Only one stretch of the data below is wanted: the lines starting at the one with "Kayıtların s&uuml;rd&uuml;ğ&uuml; hanife" and ending at the one with "Автохолодильник компрессорный 50", both included, given again exactly.

_EXTRACTED RECORDS:_
┌──

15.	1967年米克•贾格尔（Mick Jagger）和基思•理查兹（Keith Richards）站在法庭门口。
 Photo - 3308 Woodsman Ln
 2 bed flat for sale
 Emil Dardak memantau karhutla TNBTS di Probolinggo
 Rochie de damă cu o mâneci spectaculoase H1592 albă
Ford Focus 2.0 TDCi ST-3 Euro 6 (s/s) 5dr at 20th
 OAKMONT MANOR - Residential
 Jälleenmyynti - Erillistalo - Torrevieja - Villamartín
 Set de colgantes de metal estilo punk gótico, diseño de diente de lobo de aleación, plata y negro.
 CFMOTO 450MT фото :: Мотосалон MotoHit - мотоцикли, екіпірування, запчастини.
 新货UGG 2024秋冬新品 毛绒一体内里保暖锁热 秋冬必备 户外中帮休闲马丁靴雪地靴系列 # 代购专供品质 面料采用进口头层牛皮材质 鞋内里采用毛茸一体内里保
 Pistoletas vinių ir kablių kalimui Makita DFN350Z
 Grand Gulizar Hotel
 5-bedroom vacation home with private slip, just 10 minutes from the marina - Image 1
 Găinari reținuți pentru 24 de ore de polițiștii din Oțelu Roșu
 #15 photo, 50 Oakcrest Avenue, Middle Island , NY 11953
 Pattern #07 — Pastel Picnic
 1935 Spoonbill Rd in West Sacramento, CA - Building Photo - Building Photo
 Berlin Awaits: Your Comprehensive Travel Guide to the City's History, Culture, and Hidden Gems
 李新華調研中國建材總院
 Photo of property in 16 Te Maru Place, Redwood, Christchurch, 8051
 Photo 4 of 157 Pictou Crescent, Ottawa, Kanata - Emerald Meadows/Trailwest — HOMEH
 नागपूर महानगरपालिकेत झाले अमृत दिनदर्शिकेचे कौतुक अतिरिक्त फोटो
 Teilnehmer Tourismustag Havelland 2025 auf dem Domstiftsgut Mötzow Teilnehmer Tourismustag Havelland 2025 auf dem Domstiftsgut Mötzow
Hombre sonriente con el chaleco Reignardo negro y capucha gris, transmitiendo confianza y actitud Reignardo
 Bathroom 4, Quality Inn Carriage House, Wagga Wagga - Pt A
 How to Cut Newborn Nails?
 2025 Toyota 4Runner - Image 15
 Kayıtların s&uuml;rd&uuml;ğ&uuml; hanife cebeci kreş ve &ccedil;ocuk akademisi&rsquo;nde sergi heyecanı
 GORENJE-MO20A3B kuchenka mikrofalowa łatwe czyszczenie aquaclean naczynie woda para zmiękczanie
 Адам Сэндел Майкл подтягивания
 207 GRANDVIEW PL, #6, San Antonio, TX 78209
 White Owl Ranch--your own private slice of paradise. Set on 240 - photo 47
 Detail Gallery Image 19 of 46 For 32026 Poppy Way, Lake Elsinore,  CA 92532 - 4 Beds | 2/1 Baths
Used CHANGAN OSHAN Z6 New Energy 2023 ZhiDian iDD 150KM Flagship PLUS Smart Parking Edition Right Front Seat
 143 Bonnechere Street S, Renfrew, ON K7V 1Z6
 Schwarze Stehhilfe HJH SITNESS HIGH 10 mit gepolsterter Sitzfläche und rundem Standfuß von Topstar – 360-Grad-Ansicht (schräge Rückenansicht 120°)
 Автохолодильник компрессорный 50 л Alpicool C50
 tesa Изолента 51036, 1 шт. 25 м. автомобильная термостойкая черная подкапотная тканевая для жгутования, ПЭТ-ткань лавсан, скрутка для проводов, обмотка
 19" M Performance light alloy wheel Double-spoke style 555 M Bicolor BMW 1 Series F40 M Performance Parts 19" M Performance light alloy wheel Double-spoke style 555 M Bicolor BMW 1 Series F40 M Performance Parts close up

└──

_THE COMPLETED TASK:_
 Kayıtların s&uuml;rd&uuml;ğ&uuml; hanife cebeci kreş ve &ccedil;ocuk akademisi&rsquo;nde sergi heyecanı
 GORENJE-MO20A3B kuchenka mikrofalowa łatwe czyszczenie aquaclean naczynie woda para zmiękczanie
 Адам Сэндел Майкл подтягивания
 207 GRANDVIEW PL, #6, San Antonio, TX 78209
 White Owl Ranch--your own private slice of paradise. Set on 240 - photo 47
 Detail Gallery Image 19 of 46 For 32026 Poppy Way, Lake Elsinore,  CA 92532 - 4 Beds | 2/1 Baths
Used CHANGAN OSHAN Z6 New Energy 2023 ZhiDian iDD 150KM Flagship PLUS Smart Parking Edition Right Front Seat
 143 Bonnechere Street S, Renfrew, ON K7V 1Z6
 Schwarze Stehhilfe HJH SITNESS HIGH 10 mit gepolsterter Sitzfläche und rundem Standfuß von Topstar – 360-Grad-Ansicht (schräge Rückenansicht 120°)
 Автохолодильник компрессорный 50 л Alpicool C50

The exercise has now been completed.